The Gospel of God's Grace # 17

A Study of the Epistle to the Romans

The Pagan World Under Sentence of Condemnation

As powerful as this gospel is, there is one thing that this gospel cannot do: it cannot save any man until that man sees himself as a guilty, lost, condemned sinner. Therefore, before Paul even begins to talk about God saving sinners, he takes a whole section of his letter to demonstrate that men need the gospel. it is a universal gospel for a universal need. If no one sick, why send for the doctor? If no one is lost, why preach the gospel? If the world of men is not lost, absolutely condemned, then preaching the gospel is foolish.

This next section of the book of Romans deals with condemnation and answers the question, "Is the world really lost?" That section extends from verse 18 of the first chapter to verse 20 of the third chapter. It unfolds logically from the very start through to the end.

This section on condemnation has four distinct movements of thought: 1. the condemnation of the heathen world, 2. the condemnation of the moral man (the better class, so to speak), 3. the condemnation of the religious man (represented by the Jew), and 4. the condemnation of the whole world.

The condemnation of the Heathen World

This condemnation is covered in verses 18 to 32, thus completing chapter one.
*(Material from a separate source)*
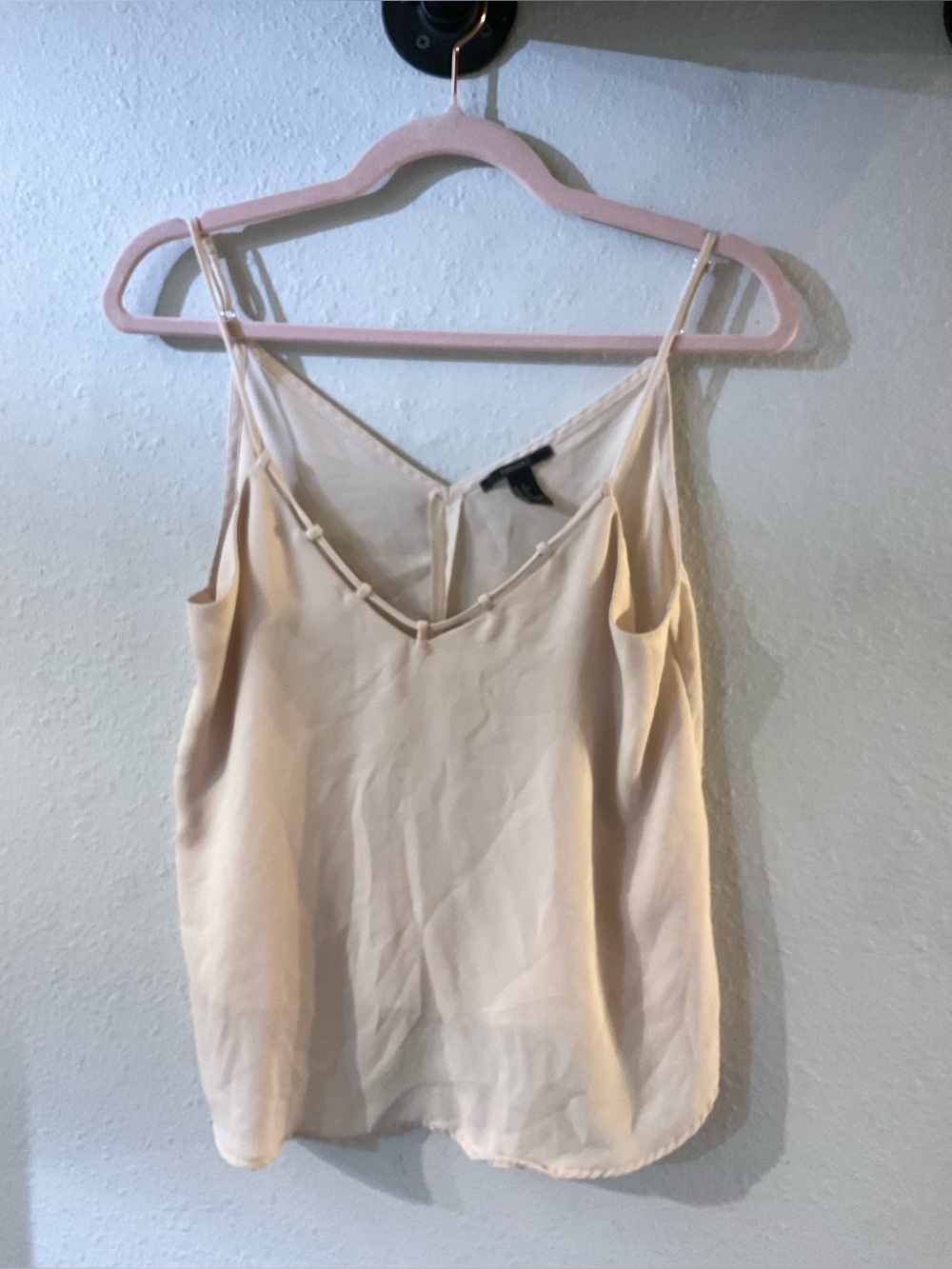 Forever 21 Cream V-Neck Satin Camisole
There are three distinct divisions in this passage: 1. the wrath of God revealed (v. 18), 2. the wrath of God deserved (vv. 19-23), and 3. the wrath of God inflicted (vv. 24-32).

The Wrath of God Revealed

"The wrath of God is revealed," Paul says. What is the wrath of God? The word "wrath" makes most of us think of an arbitrary outburst of temper. But when we speak of "the wrath of God," we do not mean that. The wrath of God is His holy aversion to all that is evil, and His purpose is to destroy it. The wrath of God might be compared to the wrath of the judge of the wrath of the law, for it is proper to speak of "the wrath of the law." If a man murders another man, the wrath of the law will be revealed - he will be punished for his crime. The wrath of God is like that.
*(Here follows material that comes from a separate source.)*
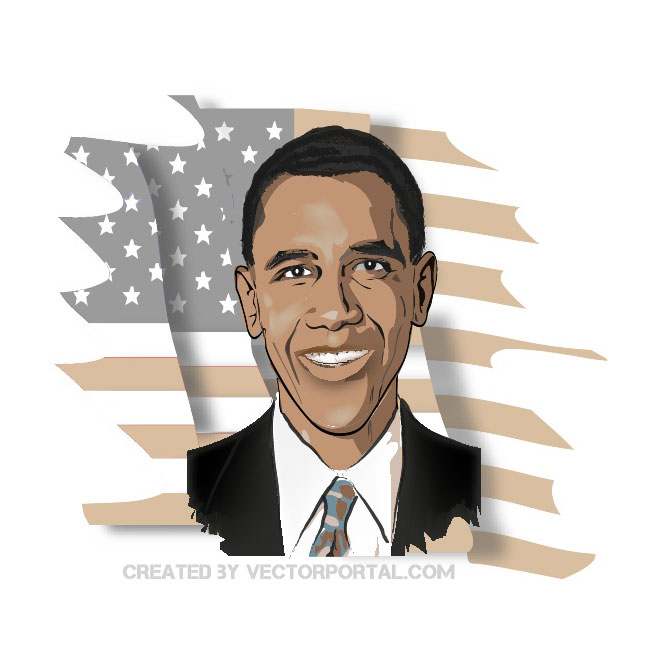 President Obama Vector   Download At Vectorportal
The question that arises is, "How is the wrath of God revealed? Where can I see its revelation?" The wrath of God is revealed plainly in three ways:

The wrath of God is revealed in the Bible. "He that believeth on the Son hath everlasting life; but he that believeth not the Son shall not see life; but the wrath of God abideth on him" (John 3:36). Throughout the Bible the wrath of God is revealed right alongside the love of God. There are many who would like to omit the wrath of God yet keep the love of God; but the two attributes are inseparable.
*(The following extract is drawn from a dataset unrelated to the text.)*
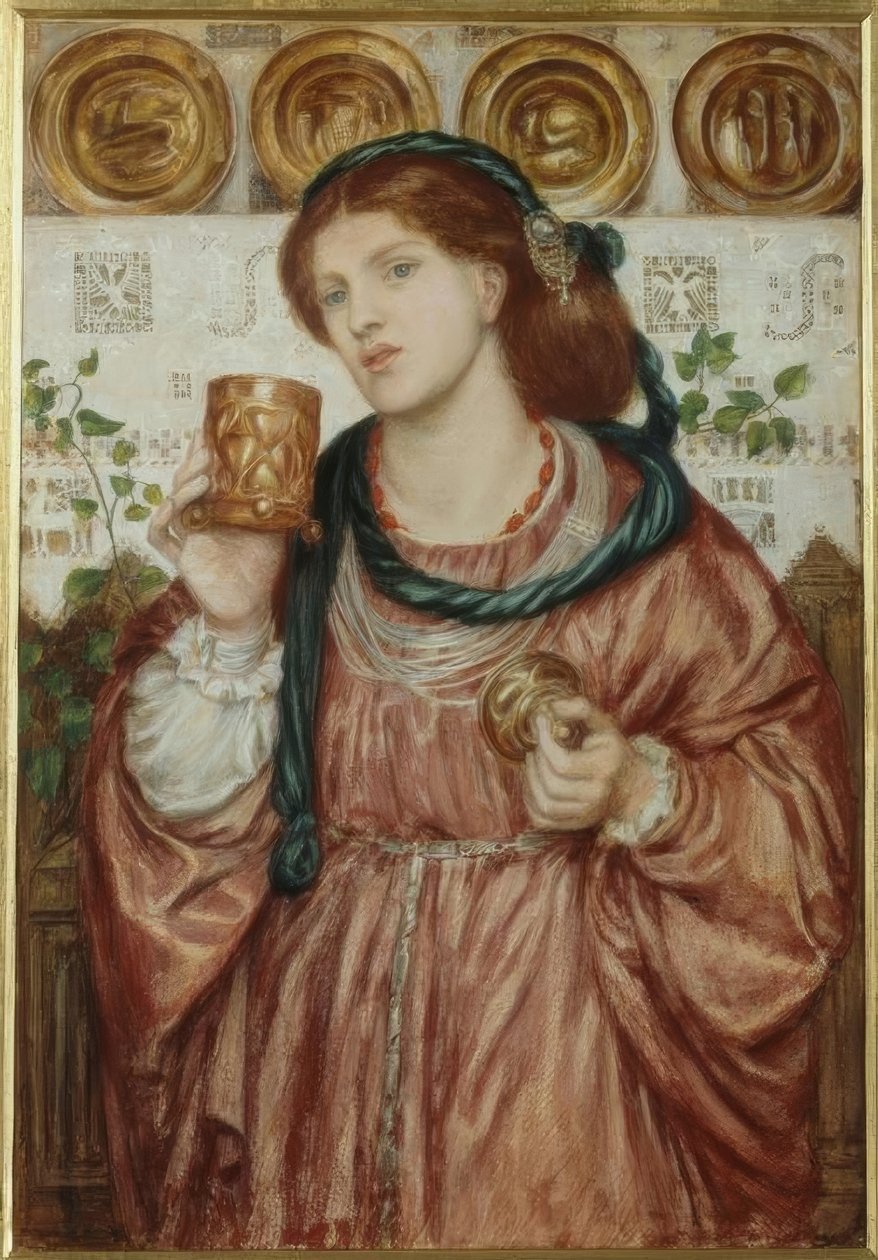 Rakastava Cup tekijältä Dante Gabriel Charles Rossetti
The wrath of God is revealed in the Cross of Christ. There is no greater revelation of God's wrath than is revealed in the Cross of Christ at Calvary. When Christ hangs on the Cross and cries, "My God, my God, why hast thou forsaken me?" (Matthew 27:46), God's wrath against human sin is revealed. Paul says about his gospel, "For therein is revealed the righteousness of God." The place where righteousness is revealed is the Cross. The same place where God reveals His righteousness, He also reveals His wrath, and through His revelation of wrath He brings forth a revelation of an obtainable righteousness.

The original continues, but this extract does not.